Mee eens, met enkele kanttekeningen:
(1) De toezichthouder moet "onafhankelijk" zijn. Dat betekent dat de toezichthouder in concrete zaken een eigen positie kan innemen ten opzichte van de uitvoerende macht (de regering) en ook ten opzichte van de rechterlijke macht zolang er nog geen onherroepelijke rechterlijke uitspraak is op de relevante punten m.b.t. de betreffende zaak. Gezien de wettelijke taak van de privacy-toezichthouder (zie mijn bovenstaande commentaar op 25-08-2022 om 19:17 uur) mag van de AP als toezichthouder verwacht worden dat die een sterke bescherming van persoonsgegevens centraal stelt, zolang de rechter die niet verbiedt. Ik heb het hier over een morele plicht die te maken heeft met normen van professionaliteit, ook los van een juridische plicht. In deze morele plicht heeft de AP gefaald in de zaak waarover nu kamervragen zijn gesteld.

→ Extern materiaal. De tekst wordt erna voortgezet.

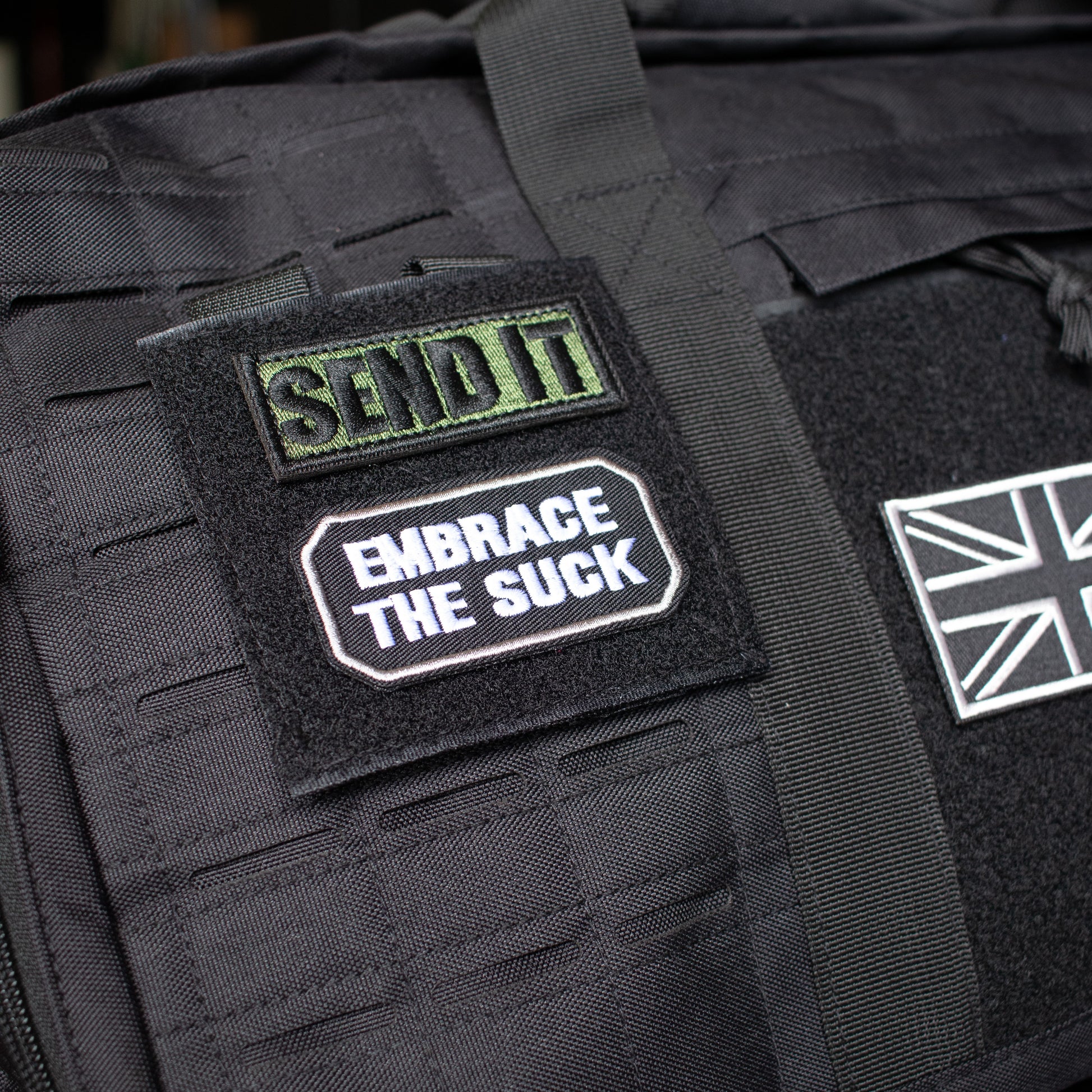 Velcro extension patch, square, NRG gear, Molle system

(2) Ter gedeeltelijke verontschuldiging van de AP kan worden aangevoerd dat de Nederlandse regering het budget van de AP, en daarmee de personeelscapaciteit van de AP, sinds jaar en dag zo klein houdt dat de AP haar taken niet naar behoren kan uitvoeren. Als ik de AP was, zou ik overwegen om daarover naar de rechter te stappen (denk aan de Urgenda-zaak).

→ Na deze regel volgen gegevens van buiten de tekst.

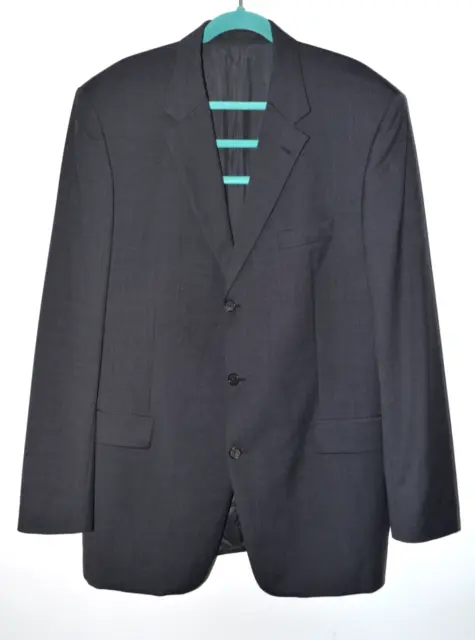 Hugo Boss Men Blazer Gray Da Vinci Lucca Super 100 Finest Quality Size 114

Recentelijk heeft de AP wel wat geoormerkt budget erbij gekregen dat alleen mag worden gebruikt om enkele specifieke deeltaken uit te voeren. Zo'n geoormerkt budget helpt niet om de AP in staat te stellen
onafhankelijk te functioneren, terwijl dat wel de wettelijke taak van de AP is. Het helpt bijvoorbeeld niet om bij de AP capaciteit vrij te maken voor de zaak waar het hier over gaat. De AP zou als "onafhankelijke" instantie op grond van haar wettelijke taak een vrij besteedbaar budget moeten eisen dat toereikend is.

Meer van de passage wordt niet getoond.